La
pereza es vicio que se nos achaca a los españoles. Dejar para mañana lo que el
centroeuropeo, paradigma de la diligencia, hubiera realizado anteayer, o quizás
antes. ¿Pero es tan desaconsejable la pereza, la indolencia, la pigricia? ¿No
dicen que la filosofía nace del ocio? ¿Y qué es el ocio sino una pereza con
pedigrí etimológico? La pereza, se nos dice, conduce al fracaso. Pero, ¿qué es
el fracaso? Para Umbral fracasado es el que a los cuarenta años viaja en metro.
Pero eso sería en sus tiempos, tiempos de pantalones de tergal y camisas
terylene. Hoy cualquier estúpido inunda las calles con su utilitario o 4x4,
dejando el transporte público para los aristócratas de los desplazamientos, los
ecologistas, los antiglobalizadores que pasan de los autos y su bombo
mediático.

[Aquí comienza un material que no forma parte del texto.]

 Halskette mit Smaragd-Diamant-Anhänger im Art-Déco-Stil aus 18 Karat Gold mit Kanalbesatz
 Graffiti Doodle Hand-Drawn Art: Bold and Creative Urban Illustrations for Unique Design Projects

Porque, yo me pregunto: si alguien se propone fracasar y tiene
éxito, ¿ha triunfado o fracasado? Eso es lo que nos pasa. Queremos algunos
fracasar para al menos tener el consuelo de ese éxito. Éxito pírrico, de
acuerdo, pero éxito al fin. Y no olvidemos que la pereza, como el tedio, es
inefable. Nadie puede distinguir la pereza de la contención, del hastío
productivo, del ocio filosófico. Pereza es cese del ansia y la sed de
los oficios, es renunciar a la triste
lotería de la libertad que es tener que improvisar. La diligencia es un
atavismo. Recuerdo que mi padre, gran perezoso, solía decir que le gustaba
madrugar para estar más tiempo sin hacer nada. ¿No vale esa actitud toda una
filosofía? Quien no se deja poseer por la pereza no alcanzará a sentir el sabor
profundo de la vida, la riqueza de esa madre que crece en el fondo de la
vasija. La felicidad se enseñorea, nos dice Gil-Albert, de aquel que vive
apremiado entre el trabajo y las diversiones. Y ello le condena a ser criatura
dispuesta al salto supremo de la bienaventuranza. Morir cada día en la pereza
para resucitar al día siguiente, y sucumbir de nuevo.